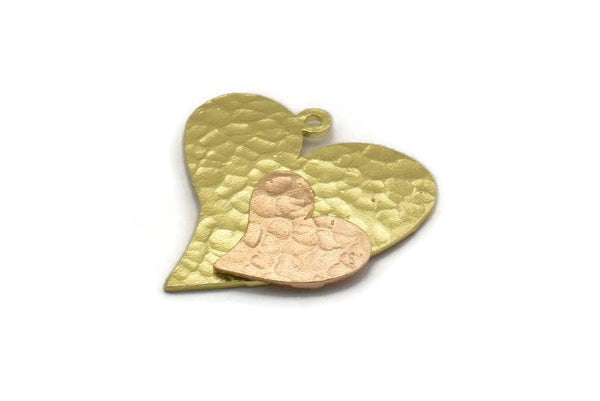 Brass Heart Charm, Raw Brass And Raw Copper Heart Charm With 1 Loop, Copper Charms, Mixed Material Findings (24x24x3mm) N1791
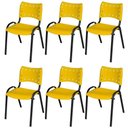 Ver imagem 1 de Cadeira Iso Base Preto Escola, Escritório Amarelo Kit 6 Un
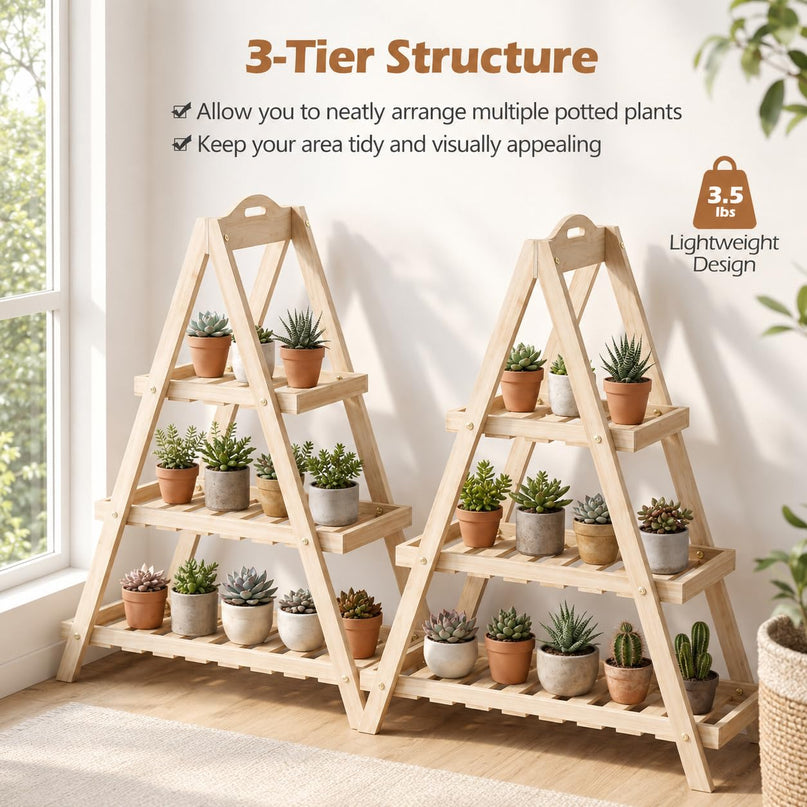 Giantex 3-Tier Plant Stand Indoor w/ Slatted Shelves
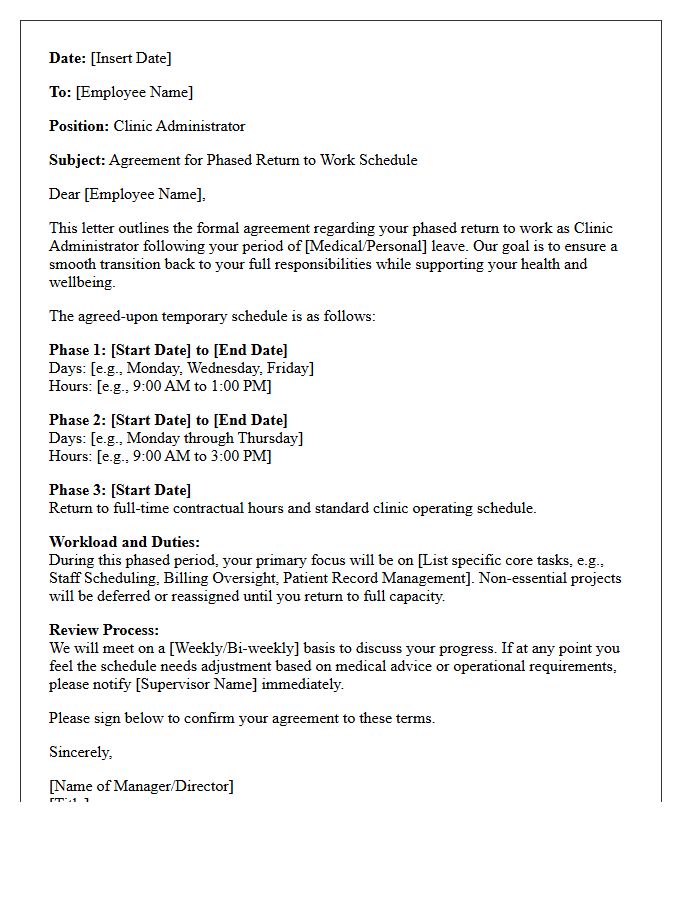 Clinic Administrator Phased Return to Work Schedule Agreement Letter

---

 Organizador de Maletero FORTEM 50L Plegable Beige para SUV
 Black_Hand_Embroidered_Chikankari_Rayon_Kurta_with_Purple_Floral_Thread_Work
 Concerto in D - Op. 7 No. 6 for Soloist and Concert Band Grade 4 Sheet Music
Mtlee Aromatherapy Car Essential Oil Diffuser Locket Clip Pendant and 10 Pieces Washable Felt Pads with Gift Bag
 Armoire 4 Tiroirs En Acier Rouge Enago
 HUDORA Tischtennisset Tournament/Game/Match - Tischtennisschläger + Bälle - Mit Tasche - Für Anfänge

» **Goal of the exercise**
Everything above from the line containing "Mtlee Aromatherapy Car" down to the line containing "HUDORA Tischtennisset Tournament/Game/Match" is to be transcribed exactly, with both of those lines included and nothing else added.

» **Result of this task**
Mtlee Aromatherapy Car Essential Oil Diffuser Locket Clip Pendant and 10 Pieces Washable Felt Pads with Gift Bag
 Armoire 4 Tiroirs En Acier Rouge Enago
 HUDORA Tischtennisset Tournament/Game/Match - Tischtennisschläger + Bälle - Mit Tasche - Für Anfänge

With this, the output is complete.